My mother touched my face with both her hands, gentle despite their roughness. Then she let go. “I’ve thought about El Norte myself. I’ve heard stories of mothers who have made the crossing. They work in the restaurants up there, or in the hotels, and send money home to children who are lost to them. I could never bring myself to try it.”
“Thank God,” I said. “Mamá, it’s up to me. It’s my time. You understand, don’t you?”
“You wouldn’t leave without my blessing, would you, like Rico?”
“I couldn’t, but please listen…. What else can we do?”
She closed her eyes, gathered herself. I felt the pain that came with being a mother. At last she looked at me again, and she spoke, this time with a note of acceptance in her voice. “Tomorrow, you should go up to El Cristo Rey to pray and think. I’ll talk to the Virgin of Guadalupe. She listens to the poor and the desperate.”
5
A Bitter Sweetness
I STAYED AWAY FROM THE FOLDS of the mountain, where brush choked the ravines. The slopes I was climbing were steep and mostly bare. The hike to El Cristo Rey usually took three hours. Today, knowing I might be leaving, I stopped along the way to appreciate the greening valley and the surrounding mountains.
Rico’s father once told me that our side of the mountain used to be covered with pine forests. The Spanish cut them down to use in the mines and to build the cities. The land has been drying up ever since.
I wondered if these things could be true. Rico’s father carried grudges, against the Americans and even the Spanish of hundreds of years before, who must have been his ancestors, in part if not mostly. I asked my mother once if any of our ancestors were Spaniards. She didn’t think so. She said we were Tojolabal, descendants of the Maya.
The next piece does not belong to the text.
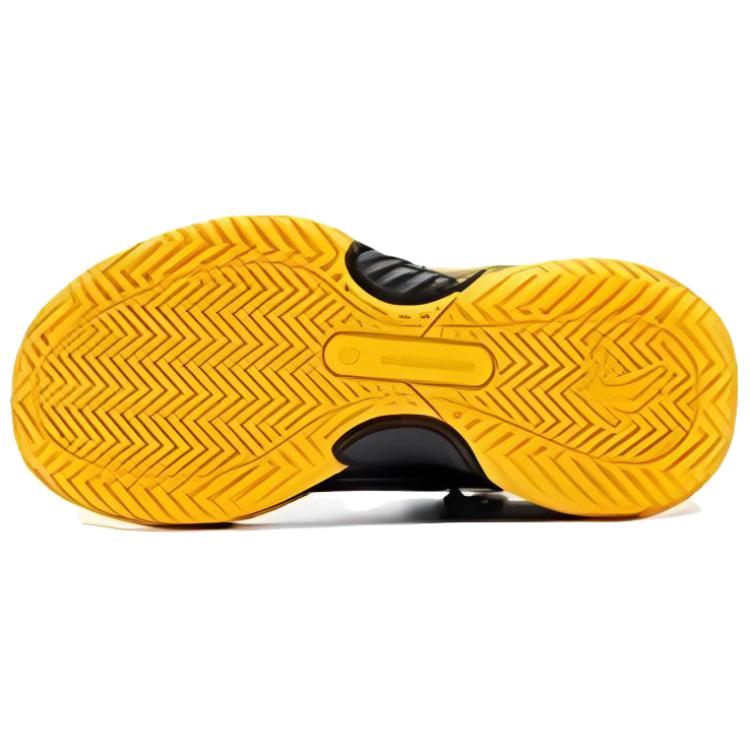 QIAODAN Slip Resistant Abrasion Resistant Slip Resistant Abrasion Resistant Low top Basketball Shoes Women’s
I was grateful that Rico’s parents weren’t going to hold a grudge against me for last evening, for telling them what Rico had done. It had been terrible, trying to find the words to tell them, terrible what the words had done to them. Rico’s mother gave one sharp cry, and then she was speechless. I saw the color go from her face and hope from her eyes.
They believed me when I explained that Rico had told me only the night before. They didn’t even blame me for not warning them. “Working with his brother, that will come to grief sooner or later,” Rico’s father said at the door.
“But why?” I asked.
“Because Reynaldo lacks honesty. I told him as much once to his face, which is why he has done this. To spite me.”
The door groaned on its hinges shutting behind me. From now on, the house of the Riveras was going to be a sad and lonely place.
The tolling of the village bells, carrying far up the slopes, brought me back to my feet. I climbed higher until Los Árboles was like a toy village and the road from Guanajuato to Silao shrank to a ribbon. I sat down again and took it in once more, the world I had known. Even with the forest missing, it was beautiful.
It was home. All I remembered of the forests of Chiapas was their emerald green color, and the jaguar. The great spotted cat had come to the edge of the forest and looked at me one day as I was playing on the grass behind our house with its roof of thatch. I was too young to even be afraid.
When I was older, and told my father of this memory, he didn’t say I had imagined it. Papá told me that our ancestors had built some of their greatest temples to the tigre. The powers of other animals didn’t even come close.